It could be nint. It supports C# arithmetic operators.

teo-tsirpanis commented 3 years ago

It could be nint.

A span's length is a 32-bit integer. Consequently, a SpanReader's length will never exceed int.MaxValue.

scalablecory commented 3 years ago

Doesn't seem to be much value here?

JeremyKuhne commented 3 years ago

@scalablecory Can you elaborate? I found having something to track "position" in parsing a span extremely useful and manually doing so cumbersome and error-prone.

JeremyKuhne commented 3 years ago

Note that this is something that came up in development of the original SequenceReader (which I wrote) that I intended to follow up on. Shifting teams caused this to back-burner for awhile. I'm using my own implementation of this in things I'm working on which motivated me to finally get this proposal created.

scalablecory commented 3 years ago

I found having something to track "position" in parsing a span extremely useful and manually doing so cumbersome and error-prone ... I'm using my own implementation of this in things I'm working on which motivated me to finally get this proposal created.

Can you give some usage examples showing how this reduces code complexity?

SequenceReader is useful because it crosses segment boundaries, but this looks like it'll just be a trivial wrapper around existing APIs.

JeremyKuhne commented 3 years ago

Can you give some usage examples showing how this reduces code complexity?

The key thing is that to do the same thing I'm showing in the proposal is that you would have to keep slicing yourself (or trying to not mess up your current index when you're slicing).
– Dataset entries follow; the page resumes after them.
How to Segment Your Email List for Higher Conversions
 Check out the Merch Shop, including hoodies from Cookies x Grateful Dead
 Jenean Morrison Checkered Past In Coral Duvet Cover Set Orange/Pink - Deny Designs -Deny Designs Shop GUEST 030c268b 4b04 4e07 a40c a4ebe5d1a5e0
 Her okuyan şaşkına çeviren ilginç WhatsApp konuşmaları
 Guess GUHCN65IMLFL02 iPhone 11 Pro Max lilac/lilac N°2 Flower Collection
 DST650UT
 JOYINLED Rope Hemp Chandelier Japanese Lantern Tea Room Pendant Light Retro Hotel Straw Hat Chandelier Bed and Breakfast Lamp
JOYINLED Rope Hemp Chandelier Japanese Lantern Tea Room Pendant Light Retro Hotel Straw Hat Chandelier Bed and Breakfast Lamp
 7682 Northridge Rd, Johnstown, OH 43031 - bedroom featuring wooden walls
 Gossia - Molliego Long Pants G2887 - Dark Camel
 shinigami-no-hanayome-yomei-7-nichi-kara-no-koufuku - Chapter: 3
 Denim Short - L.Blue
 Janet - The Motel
But beyond that the API patterns are very convenient for parsing and aren't just single method calls. Additionally you can't back up a step easily when slicing over and over.

int index = data.IndexOf(Identifiers.StartOfText);
if (index == -1)
{
    throw new InvalidDataException("No start text (STX) control character found.");
}

data = data.Slice(index);
ushort checksum = CalculateFileChecksum(data);
data = data.Slice(1);

index = data.IndexOf(Identifiers.FieldTerminator);

if (index == -1)
{
    throw new InvalidDataException("Did not find design specification.");
}

info.DesignSpecification = Encoding.ASCII.GetString(data.Slice(0, index));
data = data.Slice(index + 1);

// etc... ugh

Updated the sample because I messed it up the first time.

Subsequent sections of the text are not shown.